The Time Machine
The vivid imagination of science-fiction author H.G. Wells explodes onto the screen in this remake of a 1960 movie based on his 100-year-old novel. Directed by the author’s great grandson, Simon Wells, “The Time Machine” spins the tale of time traveler Alexander Hartdegen (Guy Pearce). In the early 1900s, the eccentric science professor creates an elaborate machine capable of traveling back in time or forward into the future.

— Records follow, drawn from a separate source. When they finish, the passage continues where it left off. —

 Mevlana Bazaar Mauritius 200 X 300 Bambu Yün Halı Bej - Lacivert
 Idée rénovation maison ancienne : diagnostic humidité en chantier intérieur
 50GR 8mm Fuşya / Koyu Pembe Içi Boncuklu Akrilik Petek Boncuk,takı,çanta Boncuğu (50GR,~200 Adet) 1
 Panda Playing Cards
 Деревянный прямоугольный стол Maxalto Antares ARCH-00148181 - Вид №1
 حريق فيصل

After his effort to alter past events fails, Alexander speeds forward to a computerized, futuristic world in 2030, but his final destination finds him 800,000 years into the future. There he discovers a natural, primitive Garden of Eden-like paradise, occupied by people called Eloi, where he meets beautiful Mara (Samantha Mumba) and her young brother Kalen (Omero Mumba). Suddenly, “The Time Machine” becomes a horror film as the cannibalistic Morlocks, who live below ground, attack the gentle Elois. Non-stop action ensues as Alexander fights back to save the captured Mara and Kalen. Having failed in the past, can Alexander change the future? Outstanding special effects create images that will both thrill and terrify audiences and fans of science fiction.

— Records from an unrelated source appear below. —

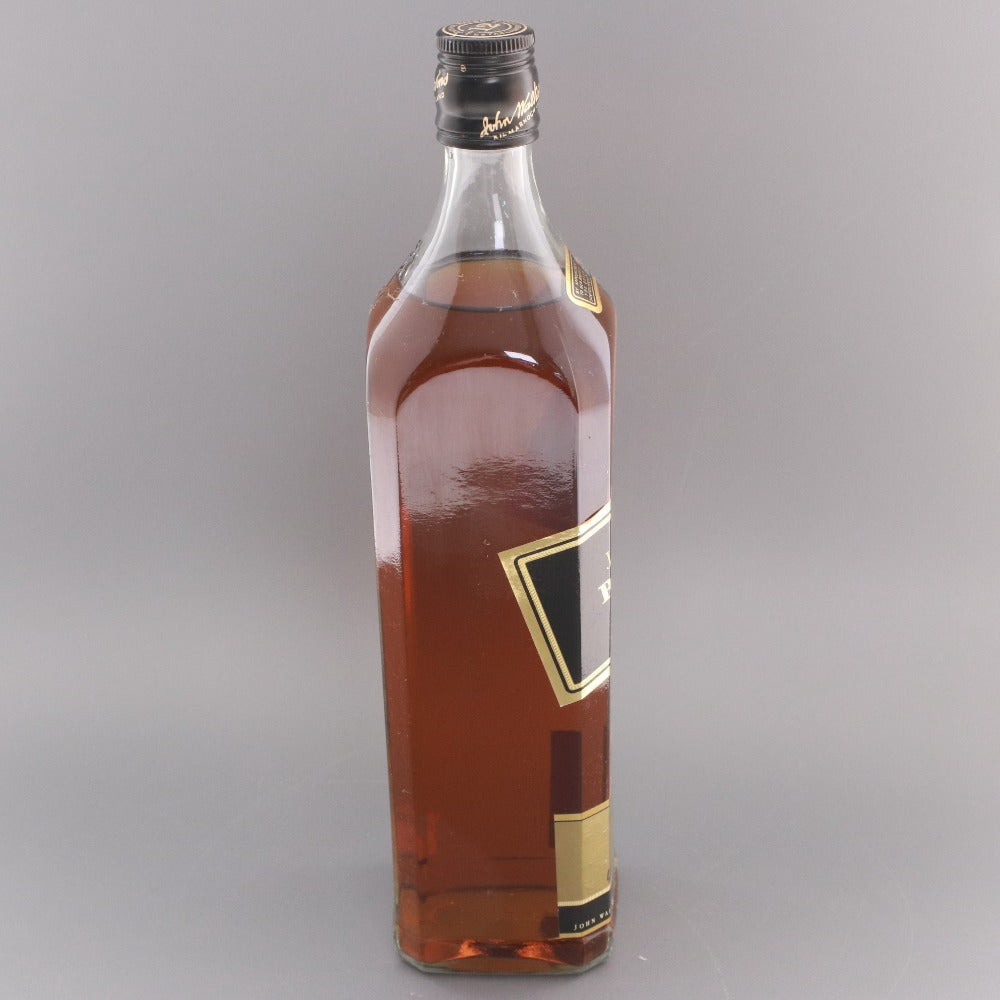 ■ 酒 ウイスキー ジョニーウォーカー ブラックラベル スコッチ アルコール 1000ml 43度 未開栓 未使用 箱付き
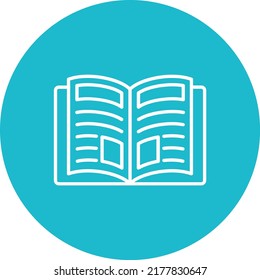 Icono vector de revista. Se puede usar para imprimir, móviles y aplicaciones web.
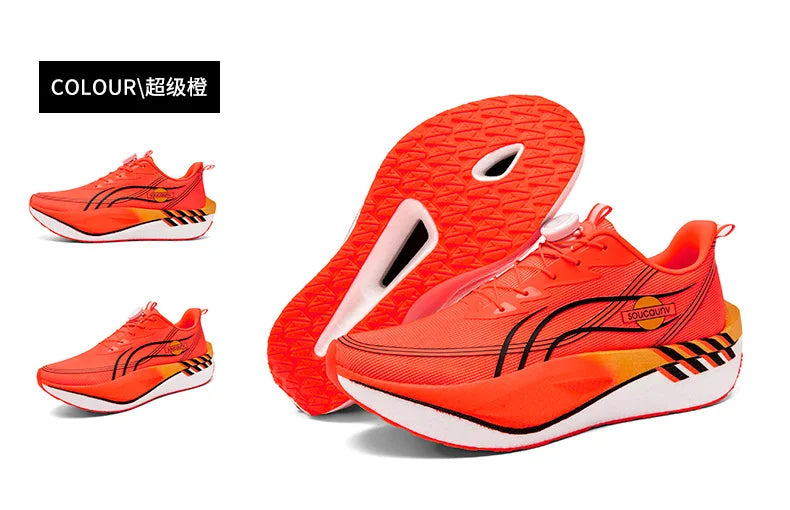 Running Shoes Professional Fitness Carbon Board Men's Sports Marathon Lightweight Women's Comfortable Non Slip Sports Shoes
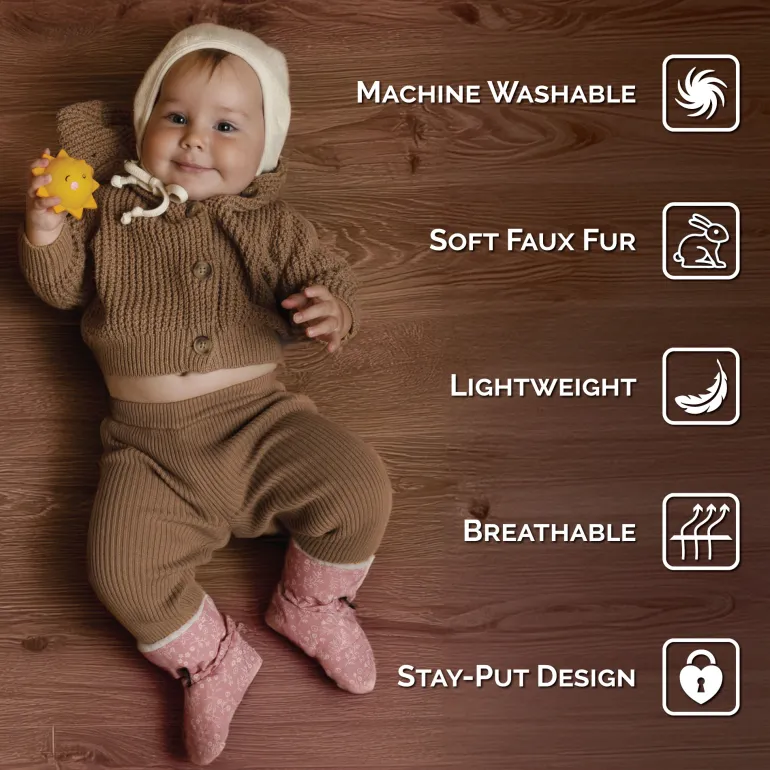 Baby Stay-Put Winter Booties | Dusty Mint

As the ground seems to spew them out, the hideous, apelike Morlocks suddenly appear, grabbing some of the passive Elois. Ruled by Uber-Morlock (Jeremy Irons), the personification of evil, the Morlocks will put some of the captured women in cages to be used as breeding vessels, but most of the sheep-like Elois become food for the subterranean monsters. Mara explains to Hartdegen that because of the Morlocks, her people never look back on the past or forward to any future, giving life no meaning. Now that’s scary!
The contrasting lives of the Elois and the Morlocks, like evolution theory taken to the extreme, find the stronger Morlocks eventually surviving alone. In his travels, Alexander learns the civilized world he lived in, fell apart in 2037, when the moon disintegrated. “The Time Machine” has no sexual content, however, a few mild crudities and one exclamatory profanity slightly mar the dialogue. The story is pure science fiction and not intended to be taken as real, but some of the violent scenes are certainly not appropriate for young children. However, its bleak view of a Godless universe will, hopefully, make viewers thankful for the reality of God’s faithfulness and many blessings.